The topic of discussion then moved to Mr. Paal’s history in government, as well as his experience in the think tank world. He described his time serving as a CIA analyst in Myanmar from 1982-1984, which was marked by the attempted assassination of South Korean President Chun Doo-hwan in Yangon by North Korean agents. Mr. Paal later served on President Ronald Reagan’s National Security Council and became National Security Advisor for East Asia under President George H.W. Bush. With the switch from a Republican to a Democratic administration in the early 1990s, Mr. Paal left the government and started his own think tank focused on Asian policy. However, he eventually returned to the public sector to work under President George W. Bush, serving as the director of the American Institute in Taiwan, America’s unofficial representative office in Taiwan, from 2002-2006. Mr. Paal then served as vice chairman of JPMorgan Chase International before finally moving to Carnegie, where he has been for the past ten years.
Mr. Paal then answered questions from students for the final part of the discussion. The first question asked Mr. Paal to elaborate on his time as Director of AIT as well as his views on the future of Cross-Strait relations. He noted that his time as director was a tense period in US-Taiwan relations shaped by disagreements between the Bush administration and Chen Shui-bian, Taiwan’s leader at the time. Despite more recent personnel changes at the organs responsible for China’s Taiwan policy, Mr. Paal believes that the current status quo will remain largely intact for the foreseeable future. However, he noted that many economic, military, and regional trends are not moving in Taiwan’s favor.
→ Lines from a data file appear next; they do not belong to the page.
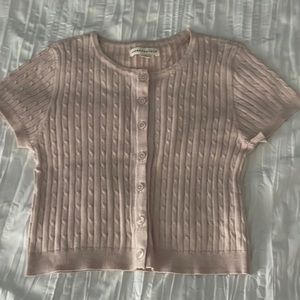 Aeropostale crop top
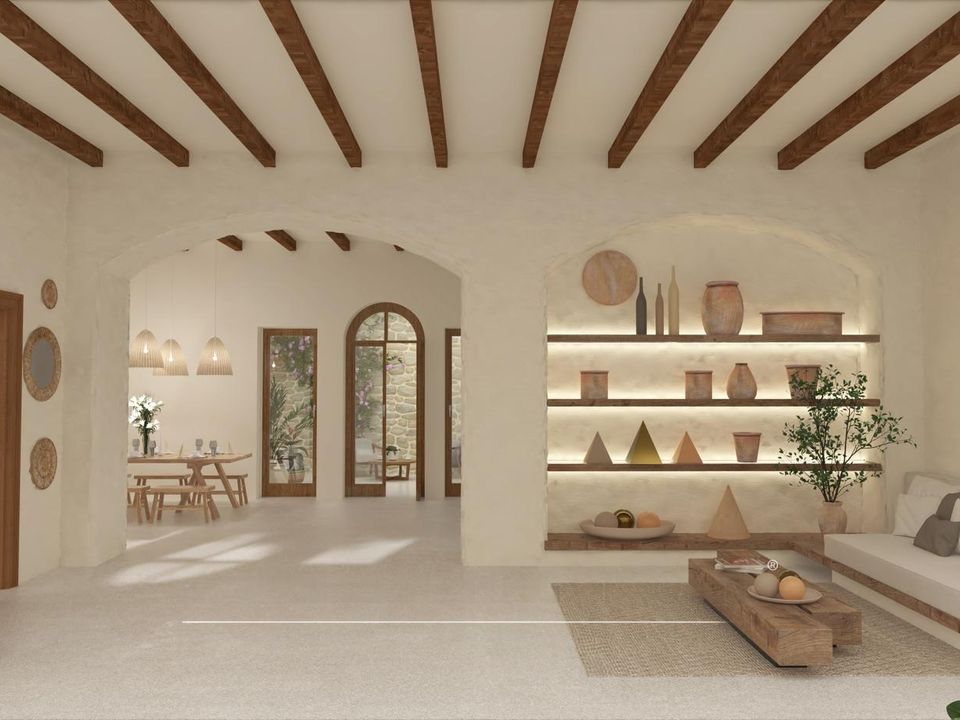 Casa de pueblo en Arta, Mallorca - foto 5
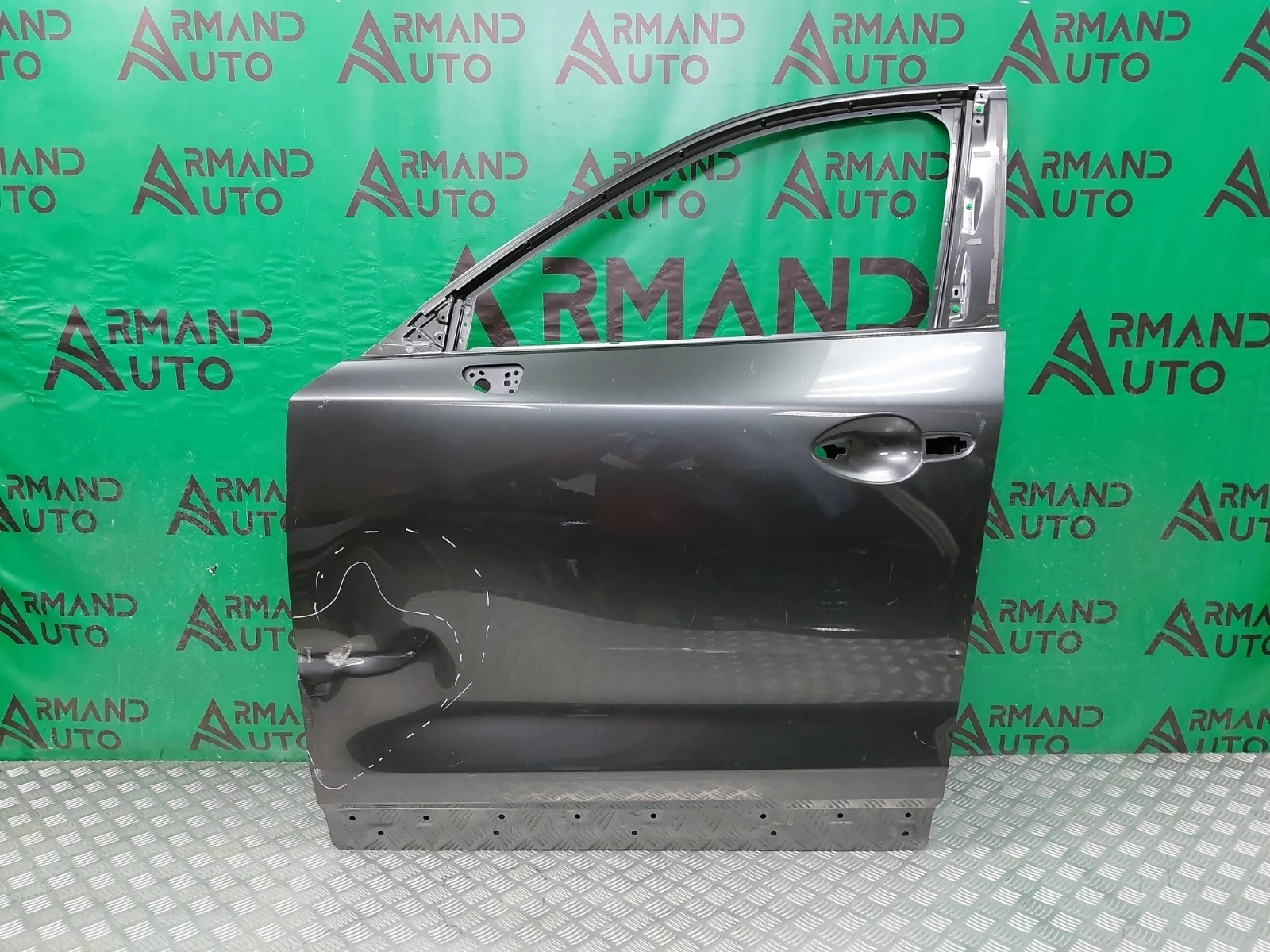 Дверь MAZDA CX-5 2017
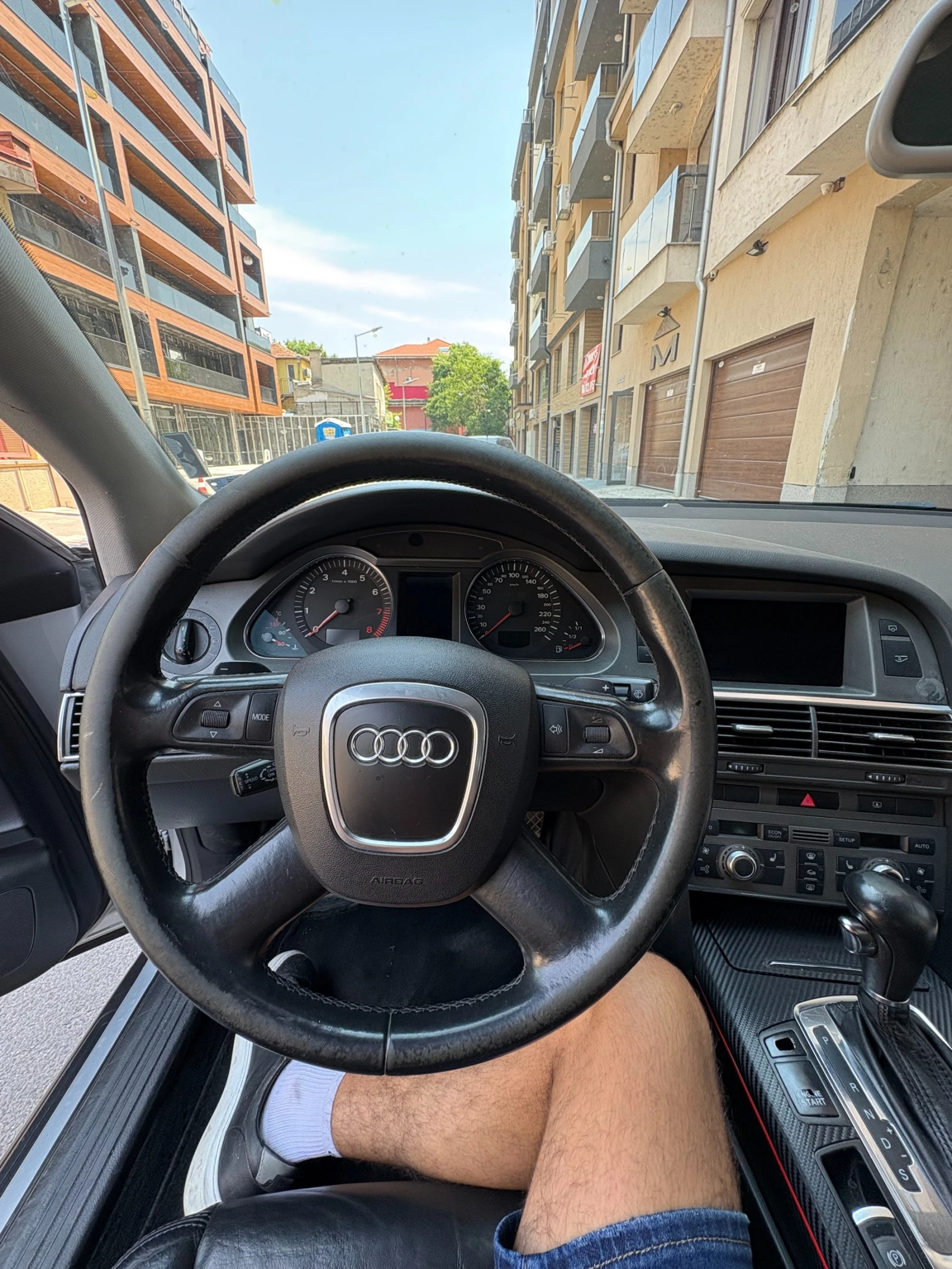 Audi A6 3.2 FSI - изображение 4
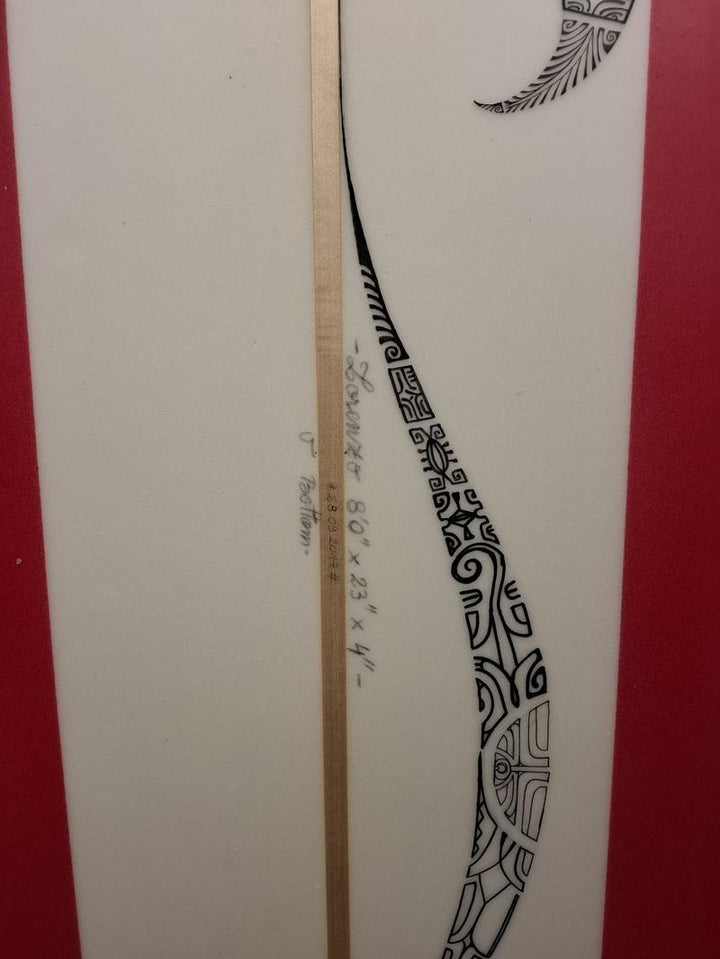 So What Surfboards Mid 8'0" (Occasion)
A question was then asked about developments in Southeast Asia. Mr. Paal noted that while relations between the US and many ASEAN countries weakened in the latter days of the Obama administration, which heavily emphasized human rights, his discussions with many ASEAN leaders suggested that they were optimistic that relations would improve with President Trump.
The discussion concluded with Mr. Paal’s opinions on the future of US-China relations. He criticized the idea that war between the two powers was inevitable, noting that concepts such as the “Thucydides Trap” are hardly relevant in the age of nuclear weapons. Nonetheless, Mr. Paal does not believe that managing the US-China relationship will be easy, and he sees little potential for any “grand bargain.” He stated that the US and China can deal with issues on a one-by-one basis to find areas of mutual benefit, arguing that the Obama administration’s decision to refrain from joining the Asian Infrastructure Investment Bank was a missed opportunity for such cooperation. Mr. Paal concluded that that no matter how the relationship develops, America has played a significant role in providing a secure and stable environment for the economic development of the Asia-Pacific, and the US will continue to play an important role in the future.
Mr. Paal imparted valuable knowledge for members of the class seeking careers in government service, as well as for those interested in working in the think tank world. The insights gained from his personal experience contributing to the development of US-China relations also provided important context for students as they prepare to enter the field of international affairs.